I’ve been sleeping on the couch quite a bit lately. No, I’m not on-the-outs with the wife. But we have just ceased swaddling our infant son, and he is still waking up several times in the middle of the night, desperately searching for his pacifier. And after five or six of these performances a night, I began crashing on the couch in between cries, grabbing an hour or so when I can (I do have a talent for this — give me a hardwood floor and twenty minutes and I will be asleep in four, dreaming in five, and completely refreshed in the remaining fifteen).
But it is the morning cat naps that produce the most terrifying and memorable dreams.
As is usual, it begins at my parent’s home. I am looking out the front window in the driveway. Behind a heather-gray Honda sits a strange vehicle: a cross between a motorcycle and a helicopter. It has two wheels, obscured mostly by a sleek red, metal exterior. Two bat-like wings project form the sides, and a dome of tinted black glass like you would find above the cockpit of a fighter plane rests atop the body.
I turn around and they are standing there, in my parent’s kitchen. A squadron of Korean women in strange jumpsuits. One pockmarked Korean man stands behind the counter, smiling and gesturing towards something. “What are you selling?” I demand.
And before my eyes the women converge and begin working. I can see in between the quickness of their arms a deluge of colors and thorns. Within moments, one of the women turns around to unveil a gorgeous bouquet of flowers. Not one or two dozen, but dozens of dozens. Abundant varieties.
“Who sent this?” I ask.
The same woman flips her palm up to reveal a card. I read out-loud the names of my cousins. There is no occasion given.
At the bottom of this card is a number. With a dollar sign to the left of it. “$2,437.”
The man speaks up now, asking if I would like to pay for it, or if I would like to bill the sender?
I leave the negotiating to my father, while I return to the window to view again the amazing vehicle on which this team of florists has arrived.
When I return to the kitchen it seems we have reached an arrangement. A very overweight seven-year old boy now stands in the place of the gang of horticulturalists. He has short, black hair, and a mean face. My father has already given him a bowl of macaroni and cheese, and it is now covering his face like a parasite. I despise him immediately.
While reaching for a towel to clean off his face, he takes off running. Up one flight of stairs, then another, then another. My childhood home suddenly contains no less than six floors.
I catch up to him and grab him by the collar. I tear at his hair. I slap his smug face. “What are you doing?!”
A scream. I run down the stairs. My father is standing in the living room, his face awash in blood. It is slowly turning paler and paler, as his eyes begin to bulge. I frantically begin attempting to remove the strange metal device that is snapped shut around his neck.
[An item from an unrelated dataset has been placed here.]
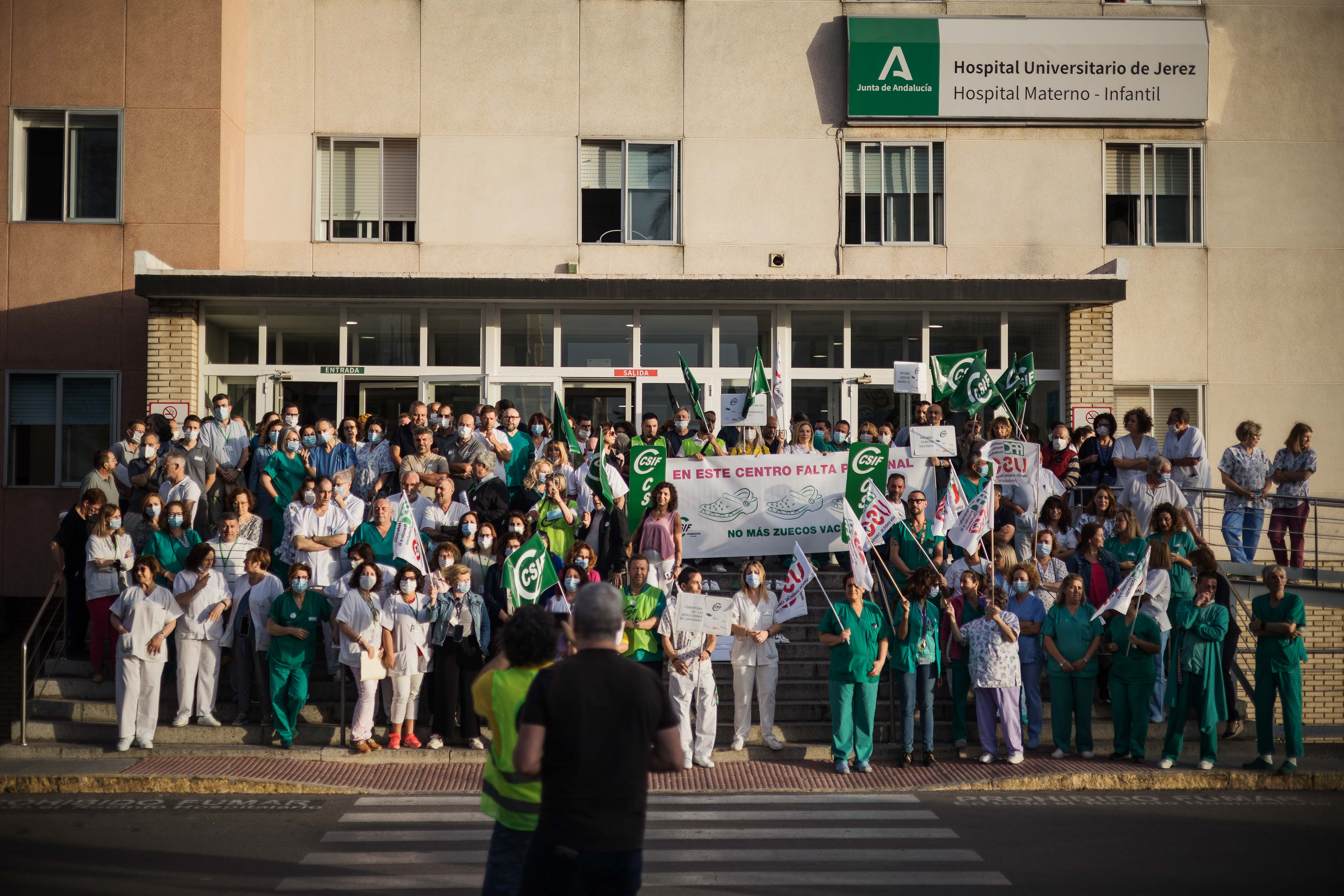 Protestas de sanitarios en el Hospital de Jerez, en una imagen de la pasada semana.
Once released, he gasps for air, and attempts to steady himself on a chair. His face is a bloodied mess of scar tissue.
I awake in a panic to the sounds of a gurgling and happy baby. “Bah bah bah bah…”
I throw the thin blanket from off my shoulders and sit up. I stretch. I reach for my glasses, haphazardly tossed onto the floor. I open his bedroom door and turn on the hot water for his bottle. I look in the crib. He is smiling.